Estaban los elementos pero cambió la velocidad. Aquí todo se hizo urgencia, atropellamiento a las instituciones, sustitución de la conversación política —incluso con aliados o posibles fuerzas aliadas— por emisión de agravios e intervenciones en las redes sociales. Trastabillan quienes quieren acompañar un programa con el cual tienen coincidencias de fondo pero que les exige el olvido de su propia dignidad y el opacamiento de sus trayectorias públicas para hacerlo. Sin embargo, aún en ese balbuceo que a veces los acomete, de saber que están acompañando un desdoroso remate de las riquezas nacionales y con modales extraídos de un bajofondo circense, prima en muchos de ellxs la aspiración a interrumpir la larga presencia del peronismo en la vida argentina. Invocan motivos de distinta índole, muchos de ellos comprensibles, enojos acumulados, críticas razonables, pero también la menos explícita idea de que hay que establecer una relación entre capital y trabajo que no se encuentre acotada o regulada por la mediación estatal. Por eso, el adversario dilecto en estos tiempos es el movimiento sindical y ahí no hay otro tiempo que la urgencia para actuar de modo defensivo, aún cuando esa acción redunde en el subrayado linchamiento mediático de los malos, feos y sucios de siempre. Los más orcos de los orcos.

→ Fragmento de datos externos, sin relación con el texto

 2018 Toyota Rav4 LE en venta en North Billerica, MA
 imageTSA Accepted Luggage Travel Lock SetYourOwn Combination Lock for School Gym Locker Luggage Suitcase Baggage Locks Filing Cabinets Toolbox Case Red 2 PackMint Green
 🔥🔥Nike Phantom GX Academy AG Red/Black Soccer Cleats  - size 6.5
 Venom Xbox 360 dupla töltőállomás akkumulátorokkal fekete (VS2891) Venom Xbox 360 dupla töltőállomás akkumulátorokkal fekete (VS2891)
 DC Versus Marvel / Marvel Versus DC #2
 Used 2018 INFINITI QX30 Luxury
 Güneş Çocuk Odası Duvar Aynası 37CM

La historia tiene un repertorio finito de actores, también de animales de compañía. Porque si aquellos que gobernaron en 2016 hicieron el chiste de sentar a un perro, Balcarce, en el sillón de Rivadavia; estos van del perro muerto que lidera desde el más allá a la novela de los perros clonados que serán enjaulados en la quinta presidencial. De Balcarce a los Conan.
Hace ocho años, un 19 de enero, Horacio González escribió “Meditaciones caninas” en este diario. Repasaba la coyuntura desde una voz en primera persona que era la del perro sentado en el sillón. El buen Balcarce, epígono o sustituto del presidente electo, cultivaba todos los giros de esa derecha: desde la defensa de los buitres o el desconocimiento de las paritarias hasta el reclamo de “terminar con los juicios”. Recordemos el tono de ese escrito: “La muchachada del parlamento va aceptando los decretos de necesidad y urgencia con buen ánimo, y los que no, se quedan en silencio. Y yo: ¡guau!” La escritura crítica encontraba en la ficción la vía para comprender lo absurdo que estaba reinando en la construcción de esa política.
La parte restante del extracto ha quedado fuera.